From: www.itworld.com
March 20, 2001 —
LinuxWorld.com recently caught up with Red Hat Chairman Bob Young. After a missed connection or two, Young began the interview by recounting the good old days when Red Hat Software was just getting started. Read more to learn how he and Marc Ewing first got together, and the changes they made to the original Red Hat distribution that have made it number one today.
Young began by going back to Red Hat's misty origins:
Red Hat got started, well, legally, we got started in March of '93, when I quit my day job and went to work in my wife's sewing closet trying to make a living. And I was doing a bunch of things at that time, but one of them was selling free software. I was publishing a newsletter called New York Unix.
His mention of the newsletter reminded me of his involvement with Linux Journal as it got started. I interrupted his tale of Red Hat's beginnings to ask about that, and he provided a detailed account of how he and Phil Hughes got together, started Linux Journal, and then split up again, with Young happily leaving the publishing business to Hughes. Young credited Hughes and Linux Journal with giving "the whole Linux and open source movement real credibility in the early days." He then returned to my original question.
In the meantime of course, coming back to the answer to your question, this was now, golly, March of '94, and I'm going, "OK, what assets do I own?" And I basically owned a couple of mailing lists for New York Unix and Linux Journal. And so I started using those mailing lists to promote the ACC PC Unix and Linux Catalog.
I was selling Linux at that time, Yggdrasil and InfoMagic (and Slackware Pro came out shortly after that) for anywhere from between twenty and fifty bucks, and you made fifty percent margins on it -- whereas selling subscriptions you sold for twenty-four bucks you made ten percent margins on it. So I really liked the idea of getting out of the publishing business and into the catalog business.
So in the summer of '94, as my sales of all this open source software started to ramp up very rapidly, I realized the problem was that I was going to find this stuff in CompUSA soon enough. And I didn't have the resources to compete with CompUSA. So I wanted to have some products that I could brand, so that when Linux ended up in CompUSA, I could treat CompUSA as a customer, not a competitor.

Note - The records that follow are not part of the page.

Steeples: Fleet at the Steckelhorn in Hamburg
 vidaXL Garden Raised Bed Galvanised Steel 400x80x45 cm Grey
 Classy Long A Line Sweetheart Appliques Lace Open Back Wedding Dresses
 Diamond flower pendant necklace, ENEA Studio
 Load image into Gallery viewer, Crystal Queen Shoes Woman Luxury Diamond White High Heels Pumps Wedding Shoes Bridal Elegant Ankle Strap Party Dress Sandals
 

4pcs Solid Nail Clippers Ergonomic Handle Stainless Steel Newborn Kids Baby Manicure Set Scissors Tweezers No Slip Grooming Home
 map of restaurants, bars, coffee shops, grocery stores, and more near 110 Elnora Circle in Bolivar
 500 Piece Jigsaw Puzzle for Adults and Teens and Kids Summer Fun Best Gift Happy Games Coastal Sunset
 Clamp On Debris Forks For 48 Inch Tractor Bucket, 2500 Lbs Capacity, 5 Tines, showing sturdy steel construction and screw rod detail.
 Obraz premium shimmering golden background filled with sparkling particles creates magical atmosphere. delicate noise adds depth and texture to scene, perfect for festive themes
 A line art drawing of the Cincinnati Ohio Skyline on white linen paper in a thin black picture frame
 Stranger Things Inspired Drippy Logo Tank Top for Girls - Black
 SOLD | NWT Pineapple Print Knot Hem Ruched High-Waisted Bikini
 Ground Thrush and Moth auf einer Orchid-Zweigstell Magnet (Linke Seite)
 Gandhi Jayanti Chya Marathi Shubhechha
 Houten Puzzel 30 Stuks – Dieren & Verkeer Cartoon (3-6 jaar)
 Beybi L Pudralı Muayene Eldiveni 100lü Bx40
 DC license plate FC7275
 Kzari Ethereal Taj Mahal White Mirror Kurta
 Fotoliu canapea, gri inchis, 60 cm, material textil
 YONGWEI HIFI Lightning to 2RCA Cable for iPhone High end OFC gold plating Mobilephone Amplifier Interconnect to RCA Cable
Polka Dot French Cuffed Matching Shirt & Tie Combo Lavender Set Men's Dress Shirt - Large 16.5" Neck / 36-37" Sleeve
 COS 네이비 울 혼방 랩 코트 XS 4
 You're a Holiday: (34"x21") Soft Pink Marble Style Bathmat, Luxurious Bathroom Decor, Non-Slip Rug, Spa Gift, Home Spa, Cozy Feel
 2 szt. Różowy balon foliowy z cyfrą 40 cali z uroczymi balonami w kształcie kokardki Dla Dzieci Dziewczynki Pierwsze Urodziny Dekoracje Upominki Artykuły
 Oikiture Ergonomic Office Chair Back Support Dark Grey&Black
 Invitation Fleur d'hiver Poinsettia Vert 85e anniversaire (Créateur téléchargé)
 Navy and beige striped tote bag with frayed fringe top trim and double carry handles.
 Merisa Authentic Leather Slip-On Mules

Young then described how a number of his customers mentioned the name of Marc Ewing, who they said was producing an interesting Linux distribution called Red Hat. They said enough good things about Ewing that Young decided to get in contact with him. Ewing was already at work on the package management system that would later become the Red Hat Package Manager, RPM.
In the fall of '94 ... my customers are telling me that Marc is really going in a better direction. And I say [to Ewing], "You know, I am selling a thousand copies of month of a combination of InfoMagic, Slackware Pro, Slackware, and Yggdrasil. So I should be able to switch -- sell, say, 10 percent of my customers -- over to this new Red Hat stuff. So, Marc, send me 90 days supply. Send me 300 copies."
I get dead silence at the end of the phone. Finally, I get from Marc that he was only thinking of manufacturing 300 copies. I knew how much I was paying for the 300 copies that I was buying, so I said [to myself], "This kid is starving to death." And so, very quickly, quickly, we immediately opened up the conversation more broadly as a result of that, and realized that we had a match made in heaven.
He needed some finance and marketing help, and I needed a product that I could brand as my own. We went back and forth in our discussions, but in January '95, we ended up merging our efforts. I bought the copyright, the brand, the trademarks, not that he had copyrighted or trademarked anything, the implicit copyrights that he owned, in return for shares in ACC Corp. Then ACC Corp, the company I had formed in March of 1993 to get into the publishing business, changed its name to Red Hat Software, Inc.
So somewhere between my first conversation with Marc in September of '94, and January of '95 ... Red Hat Software, Inc. was born. Prior to that, Marc had been running it as a sole proprietorship.
We were pretty big, even though we were tiny. None of us were very big at that time. At that time Slackware had, as near as I could tell, 90 percent of the market. Yggdrasil had maybe five percent left over from previous efforts, and SuSE was already going in Germany and doing a reasonably good job in Germany.
Young had learned from his sales of other distributions that users wanted fresh code. Slackware had 90 percent of the market because users could download the very latest version via FTP. CD-based distributions, like the original versions of Red Hat and Yggdrasil, were six months out of date by the time the CD got into the customers' hands. Young concluded that "if we were really going to grow the Linux market, we had to give the users what they needed, the things they couldn't get from the proprietary software vendors. And so the first engineering job that Marc took on was to re-engineer Red Hat so that it was easily FTP-able."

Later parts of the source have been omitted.